On 11/8/19 3:48 PM, Mina Almasry wrote:
On Thu, Nov 7, 2019 at 4:57 PM Mike Kravetz mike.kravetz@oracle.com wrote:
On 10/29/19 6:36 PM, Mina Almasry wrote:
@@ -22,27 +22,35 @@ struct hugetlb_cgroup;
- Minimum page order trackable by hugetlb cgroup.
- At least 3 pages are necessary for all the tracking information.
*/ -#define HUGETLB_CGROUP_MIN_ORDER 2 +#define HUGETLB_CGROUP_MIN_ORDER 3
Correct me if misremembering, but I think the reson you changed this was so that you could use page[3].private. Correct? In that case isn't page[3] the last page of an order 2 allocation? If my understanding is correct, then leave HUGETLB_CGROUP_MIN_ORDER as is and update the preceding comment to say that at least 4 pages are necessary.
Yes, I just misunderstood what MIN_ORDER means. I'll revert the code change.

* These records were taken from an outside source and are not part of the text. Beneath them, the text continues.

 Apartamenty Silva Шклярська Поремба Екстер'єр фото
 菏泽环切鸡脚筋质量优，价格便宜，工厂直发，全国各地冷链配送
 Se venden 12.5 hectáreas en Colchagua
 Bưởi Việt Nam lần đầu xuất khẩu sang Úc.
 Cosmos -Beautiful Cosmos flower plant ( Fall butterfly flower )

But, do update the comment please.
<snip>
@@ -85,18 +89,32 @@ static void hugetlb_cgroup_init(struct hugetlb_cgroup *h_cgroup, int idx;
for (idx = 0; idx < HUGE_MAX_HSTATE; idx++) {
struct page_counter *counter = &h_cgroup->hugepage[idx]; struct page_counter *parent = NULL;
Should we perhaps rename 'parent' to 'fault_parent' to be consistent?
Yes that makes sense; will do.
That makes me think if perhaps the naming in the previous patch should be more explicit. Make the existing names explicitly contin 'fault' as the new names contain 'reservation'. Just a thought.

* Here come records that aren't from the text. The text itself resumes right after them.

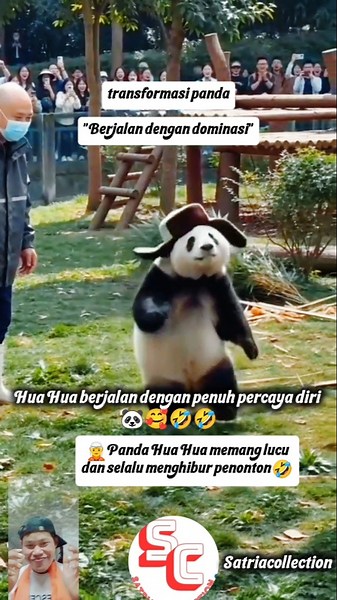 Transformasi Panda Hua Hua! Jalannya Bikin Semua Ketawa Gemoy 🐼❤️🤣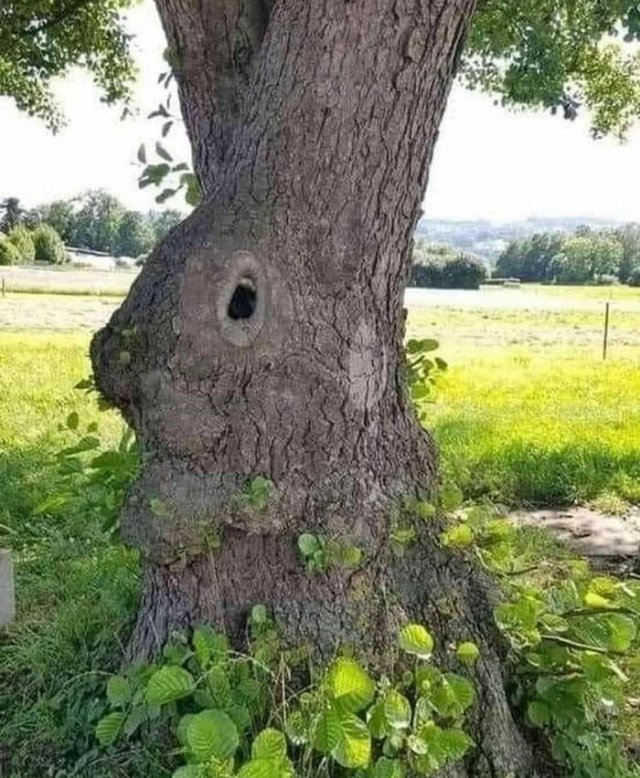 Examples Of Pareidolia (15 pics)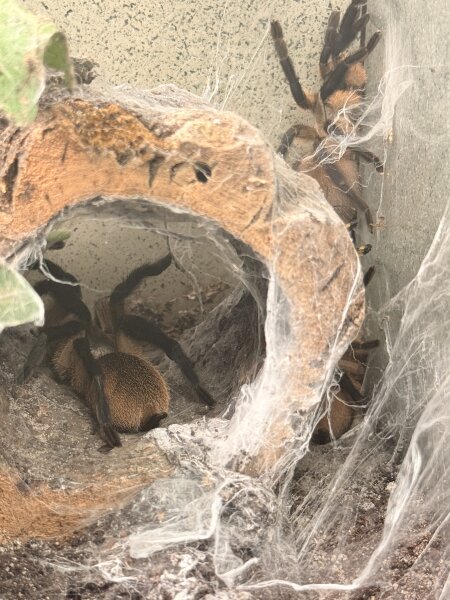 Monocentropus balfouri / Blaue Jemen-Vogelspinne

You mean change the names of the actual user-facing files? I'm all for better names but that would break existing users that read/write the hugetlb_cgroup.2MB.usage_in_bytes/limit_in_bytes users, and so I would assume is a no-go.
I was thinking about internal variables/definitions such as:
+enum { + /* Tracks hugetlb memory faulted in. */ + HUGETLB_RES_USAGE, + /* Tracks hugetlb memory reserved. */ + HUGETLB_RES_RESERVATION_USAGE, + /* Limit for hugetlb memory faulted in. */ + HUGETLB_RES_LIMIT, + /* Limit for hugetlb memory reserved. */ + HUGETLB_RES_RESERVATION_LIMIT, + /* Max usage for hugetlb memory faulted in. */ + HUGETLB_RES_MAX_USAGE, + /* Max usage for hugetlb memory reserved. */ + HUGETLB_RES_RESERVATION_MAX_USAGE, + /* Faulted memory accounting fail count. */ + HUGETLB_RES_FAILCNT, + /* Reserved memory accounting fail count. */ + HUGETLB_RES_RESERVATION_FAILCNT, + HUGETLB_RES_NULL, + HUGETLB_RES_MAX, +};
But, I guess the existing definitions (such as HUGETLB_RES_LIMIT) correspond closely to the externally visible name. In that case, you should leave them as is and ignore my comment.
<ship>
@@ -126,6 +144,26 @@ static void hugetlb_cgroup_css_free(struct cgroup_subsys_state *css) kfree(h_cgroup); }
+static void hugetlb_cgroup_move_parent_reservation(int idx,
struct hugetlb_cgroup *h_cg)
+{
struct hugetlb_cgroup *parent = parent_hugetlb_cgroup(h_cg);
/* Move the reservation counters. */
if (!parent_hugetlb_cgroup(h_cg)) {
parent = root_h_cgroup;
/* root has no limit */
page_counter_charge(
&root_h_cgroup->reserved_hugepage[idx],
page_counter_read(
hugetlb_cgroup_get_counter(h_cg, idx, true)));
}
/* Take the pages off the local counter */
page_counter_cancel(
hugetlb_cgroup_get_counter(h_cg, idx, true),
page_counter_read(hugetlb_cgroup_get_counter(h_cg, idx, true)));
+}
I know next to nothing about cgroups and am just comparing this to the existing hugetlb_cgroup_move_parent() routine. hugetlb_cgroup_move_parent updates the cgroup pointer in each page being moved. Do we need to do something similar for reservations being moved (move pointer in reservation)?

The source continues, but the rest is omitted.